🔡 Unicode Character Lookup – Explore Every Code Point
The Unicode Character Lookup tool lets you explore any of the 150,000+ characters in the Unicode standard. Paste a character, enter a code point, or analyse an entire string to retrieve its official Unicode metadata — name, category, block, plane, and a full suite of encoding representations — all computed instantly in your browser.
Three Lookup Modes
Character Mode
Paste or type any single character into the input field.
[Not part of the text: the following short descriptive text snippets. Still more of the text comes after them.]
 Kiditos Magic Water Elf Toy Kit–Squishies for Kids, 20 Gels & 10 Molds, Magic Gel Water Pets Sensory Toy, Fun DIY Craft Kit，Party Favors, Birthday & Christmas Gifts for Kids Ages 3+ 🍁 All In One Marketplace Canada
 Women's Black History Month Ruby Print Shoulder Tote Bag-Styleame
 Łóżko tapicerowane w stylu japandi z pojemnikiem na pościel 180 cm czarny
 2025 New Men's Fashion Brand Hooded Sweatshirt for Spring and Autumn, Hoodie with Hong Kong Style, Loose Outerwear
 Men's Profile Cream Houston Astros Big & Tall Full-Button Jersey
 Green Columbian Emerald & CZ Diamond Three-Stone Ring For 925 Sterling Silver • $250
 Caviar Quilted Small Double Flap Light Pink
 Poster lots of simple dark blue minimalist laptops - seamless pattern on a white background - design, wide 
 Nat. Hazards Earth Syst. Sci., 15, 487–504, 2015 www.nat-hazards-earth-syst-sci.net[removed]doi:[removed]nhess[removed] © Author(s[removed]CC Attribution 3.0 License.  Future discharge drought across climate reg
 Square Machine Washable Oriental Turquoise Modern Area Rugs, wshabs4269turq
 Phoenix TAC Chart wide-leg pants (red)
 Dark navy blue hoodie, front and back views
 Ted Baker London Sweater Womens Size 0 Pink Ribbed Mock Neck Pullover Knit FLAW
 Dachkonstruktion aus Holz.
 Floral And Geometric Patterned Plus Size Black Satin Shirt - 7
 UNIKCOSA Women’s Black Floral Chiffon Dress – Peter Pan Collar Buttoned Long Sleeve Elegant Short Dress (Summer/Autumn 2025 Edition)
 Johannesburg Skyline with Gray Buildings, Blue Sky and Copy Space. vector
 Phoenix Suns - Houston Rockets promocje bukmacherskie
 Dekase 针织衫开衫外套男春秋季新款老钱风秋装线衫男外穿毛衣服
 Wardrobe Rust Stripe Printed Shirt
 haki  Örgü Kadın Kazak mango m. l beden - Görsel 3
The tool extracts its code point and displays everything you need to know: the official Unicode name (e.g., EURO SIGN), the general category (e.g., Sc – Currency Symbol), the Unicode block (e.g., Currency Symbols), the plane, and eight different encoding formats from UTF-8 bytes through CSS and JavaScript escape sequences.
Code Point Mode
Enter a code point in any of these formats and the tool decodes it into the corresponding character and full metadata:
U+20AC— standard U+ notation0x20AC— C-style hex prefix8364— decimal integer20AC— plain 4–6 digit hex
Valid code points range from U+0000 to U+10FFFF. Surrogate code points (U+D800–U+DFFF) are detected and flagged as invalid for standalone use.
String Analysis Mode
Enter a multi-character string (up to 200 code points) and the tool generates a per-character breakdown table. Each row shows the glyph, code point badge, Unicode name, category, and UTF-8 bytes. A summary footer reports the total number of code points, the UTF-8 byte length, whether the string contains surrogate pairs, and whether it includes right-to-left characters from Arabic, Hebrew, or Syriac scripts.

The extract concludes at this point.